The Invention Of Love

I am a fake, a fraud, a philistine.

Am I really this stupid? A swine before pearls?

I don't want to read extended monologues on Latin and Greek translation. I am sick to death of Oxford and Cambridge and English Public School ... hell, I'm sick of the English upper class of the 19th century in general. Why won't these people shut up, or at least say something real. I can't penetrate this world.


That's what I thought struggling through the first act of Tom Stoppard's The Invention of Love. Stoppard has a reputation for writing plays of ideas that leave the average audience behind. It's one of the few criticisms that has stuck to one of our acknowledged Greatest Living Playwrights. I've never agreed: to me his plays have always been brilliantly crafted works that use those twenty dollar words to get an basic human truths.
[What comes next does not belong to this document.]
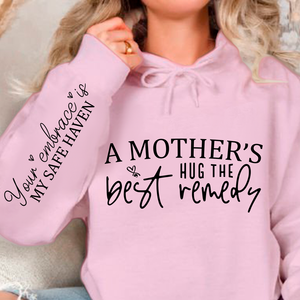 Hoodie Unisex A Mother's Hug The Best Remedy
Reading this play, I suddenly felt like I understood what people were complaining about.

It may be simply that I feel more at home with the math and science that mark Arcadia, Rosencrantz and Guildenstern Are Dead, and the underappreciated Hapgood. I'm familiar enough with the ideas there that I can quickly see through them to the themes underneath. But here I'm in a land of poetry and classicists and the Aesthetic movement, swimming in deep pools of Latin and Greek grammar.
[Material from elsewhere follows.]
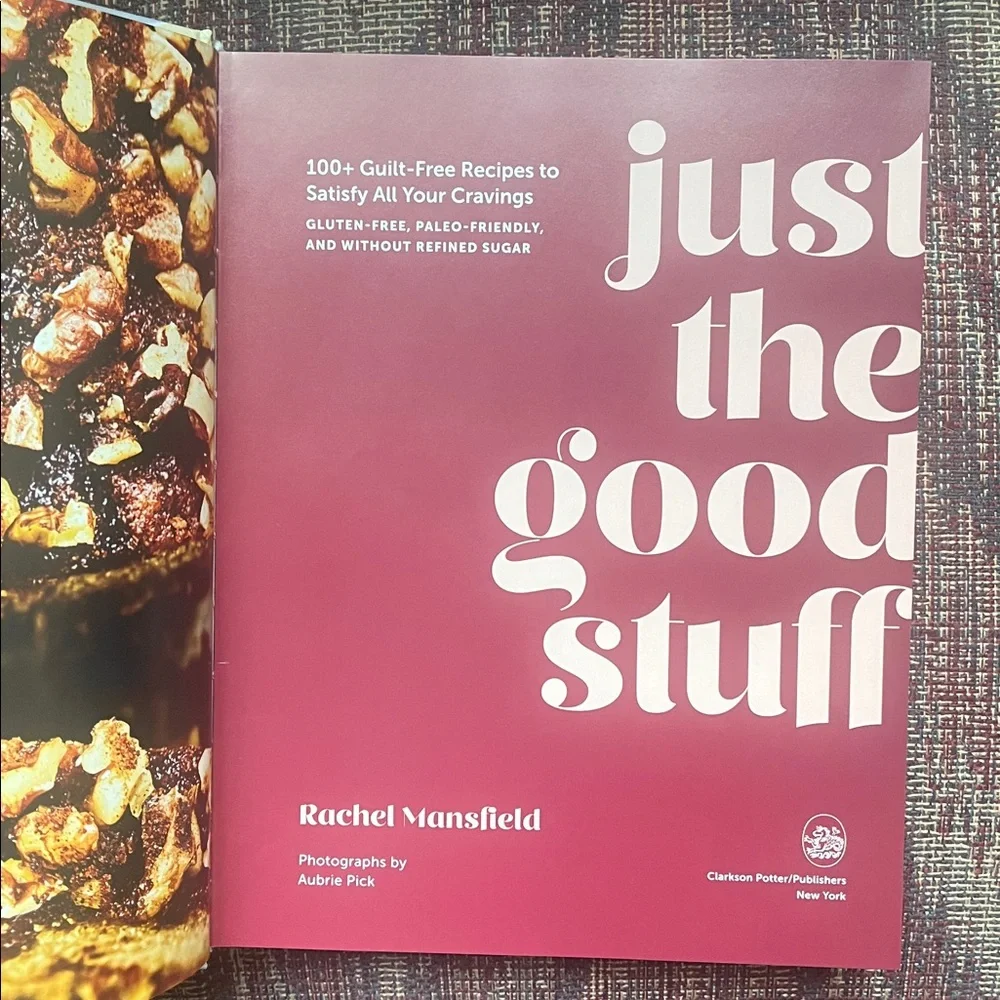 Just the Good Stuff Recipe Cookbook by Rachel Mansfield, Gluten-free, Paleo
Maybe it just doesn't read well. I can sense the subtext underneath, and the second act brings it to the fore in some achingly beautiful passages that strip away the rococo ornamentation of the first ... but I just can't grapple with it. I imagine a well-researched cast that understood the detail in those dense speeches would bring some life and beauty to the text, but I simply can't spend the time researching every reference. It's a truly alien world.

Next Week: Riding The Bull by August Schulenburg

2 comments:

February 18, 2009 at 9:52 AM April Fossen said...

I think "well-researched" may be selling it a little short. The cast would have to spend a solid year conducting enough research to truly understand everything they say. It can't be solved by your run-of-the-mill dramaturgical "packet".

March 4, 2009 at 11:22 PM Unknown said...

I finished the play . . . could someone explain it to me please?

I don't usually have such a difficult time with Stoppard, but this read included an imaginary playwright standing across from me, shaking his head and sighing (a lot).